● **Provided information**
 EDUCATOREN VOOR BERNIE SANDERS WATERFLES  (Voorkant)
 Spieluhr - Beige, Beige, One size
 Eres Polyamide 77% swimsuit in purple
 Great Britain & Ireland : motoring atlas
--
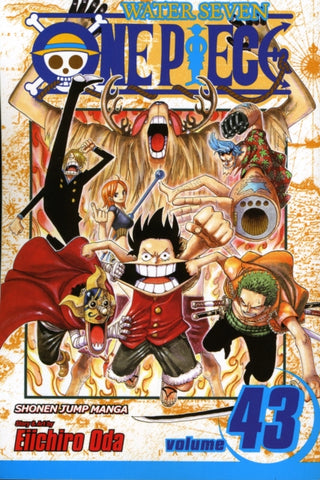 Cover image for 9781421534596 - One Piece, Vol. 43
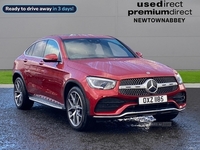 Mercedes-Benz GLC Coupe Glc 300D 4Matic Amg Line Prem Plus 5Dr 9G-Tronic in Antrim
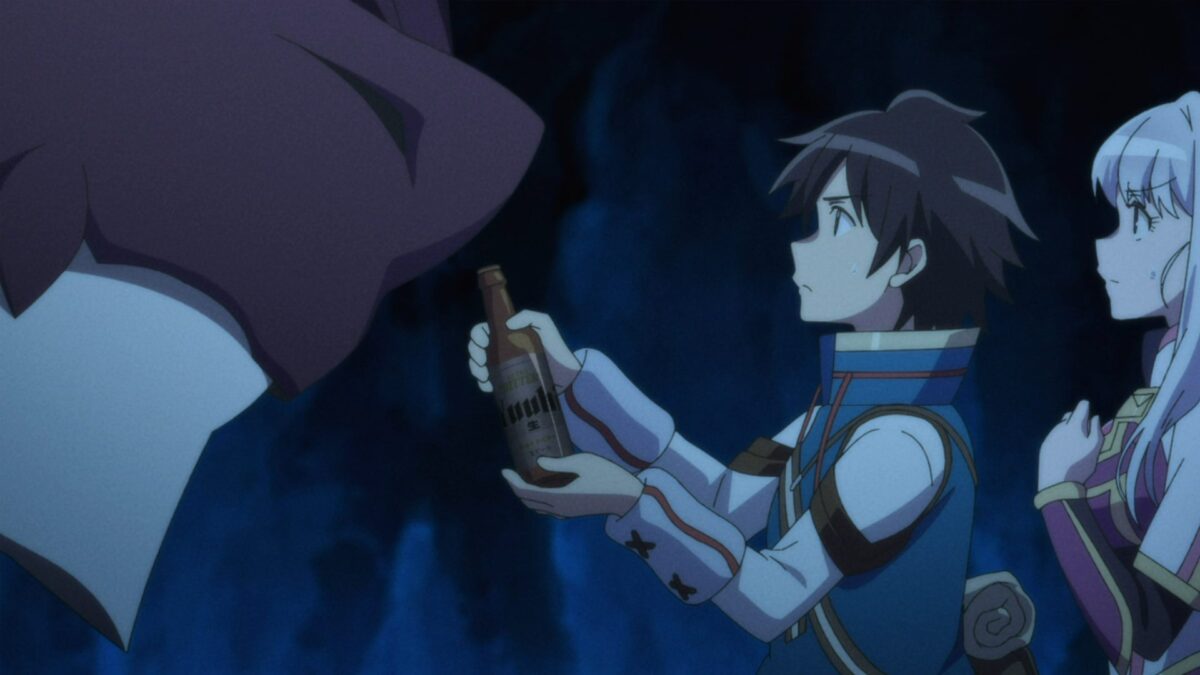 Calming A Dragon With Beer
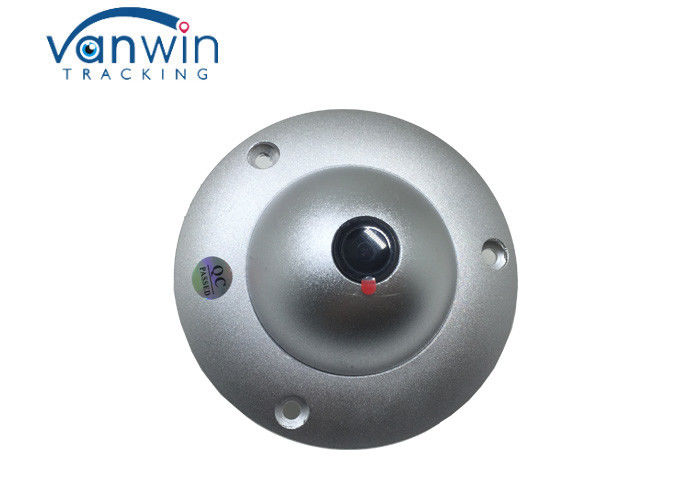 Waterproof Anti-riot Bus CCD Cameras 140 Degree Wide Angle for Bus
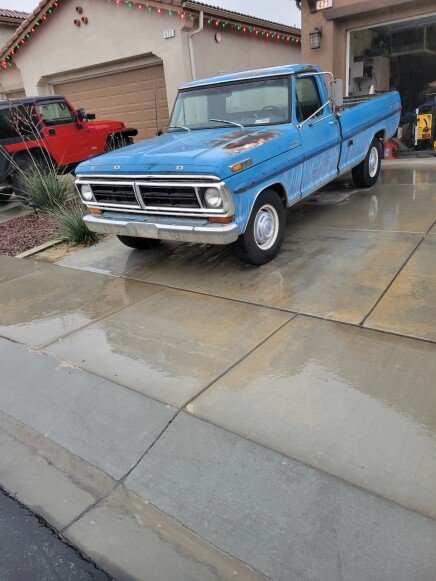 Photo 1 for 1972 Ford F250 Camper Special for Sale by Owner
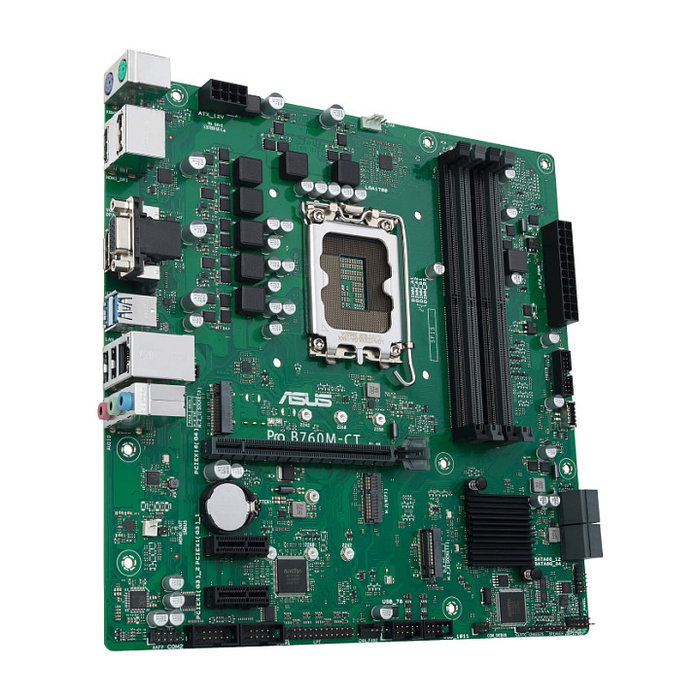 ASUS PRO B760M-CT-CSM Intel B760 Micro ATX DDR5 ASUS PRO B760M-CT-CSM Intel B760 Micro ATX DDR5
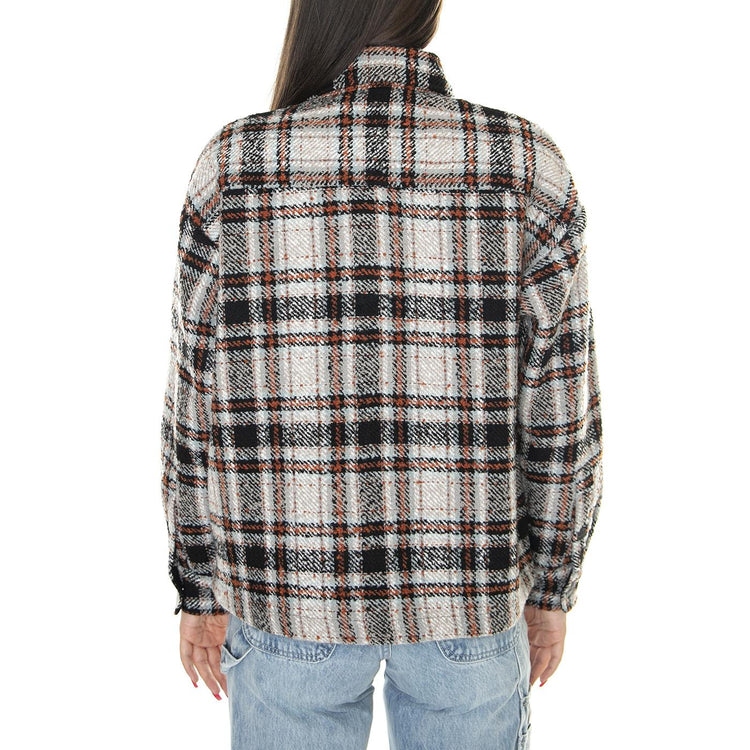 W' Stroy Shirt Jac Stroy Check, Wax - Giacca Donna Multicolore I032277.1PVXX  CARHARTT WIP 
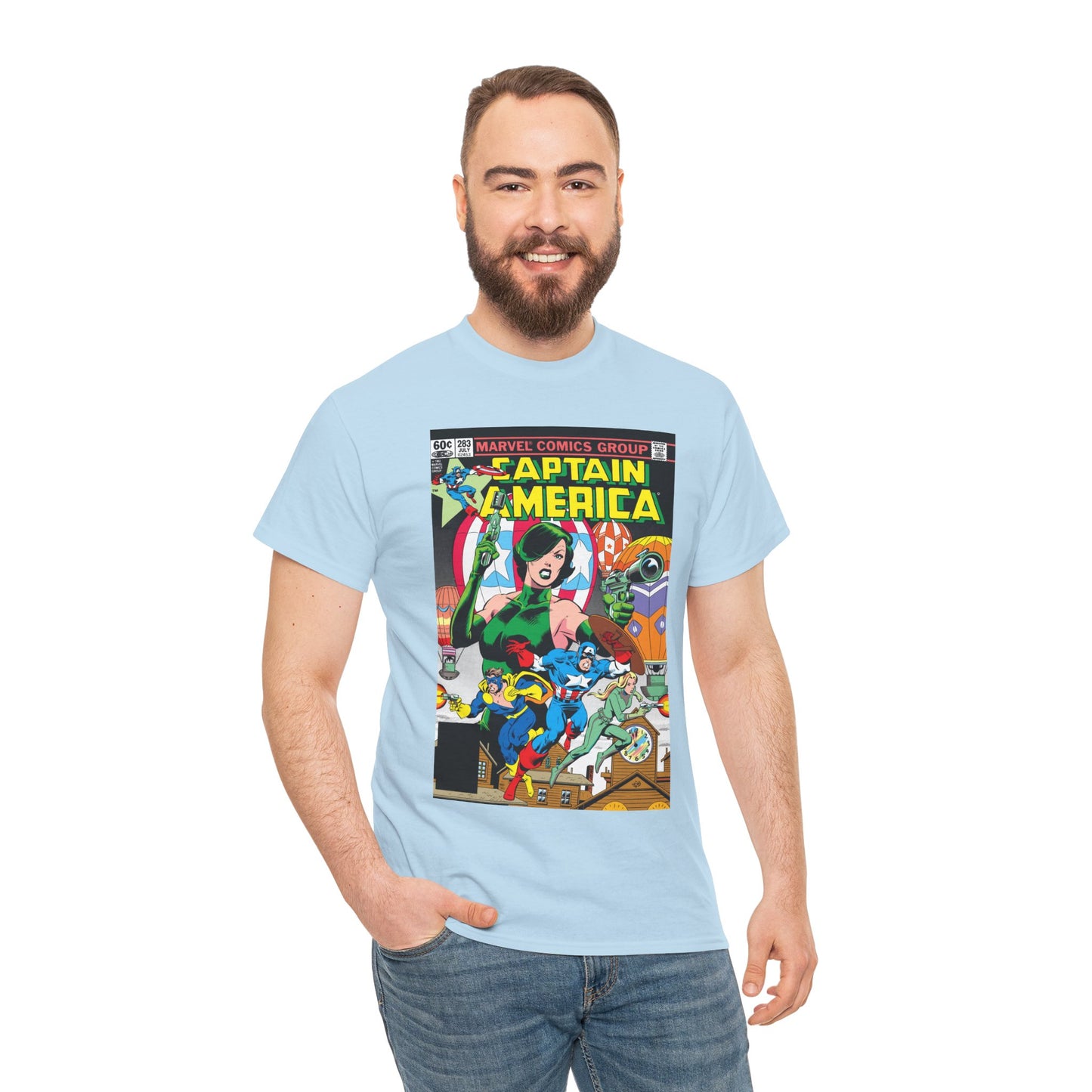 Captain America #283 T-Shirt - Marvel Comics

● **Work required**
In the material above, one part opens with the line containing "Waterproof Anti-riot Bus" and closes with the line containing "Captain America #283 T-Shirt - Marvel Comics". Write out that part exactly and skip its pictures.

● **Task result**
 Waterproof Anti-riot Bus CCD Cameras 140 Degree Wide Angle for Bus
 Photo 1 for 1972 Ford F250 Camper Special for Sale by Owner
 ASUS PRO B760M-CT-CSM Intel B760 Micro ATX DDR5 ASUS PRO B760M-CT-CSM Intel B760 Micro ATX DDR5
 W' Stroy Shirt Jac Stroy Check, Wax - Giacca Donna Multicolore I032277.1PVXX  CARHARTT WIP 
 Captain America #283 T-Shirt - Marvel Comics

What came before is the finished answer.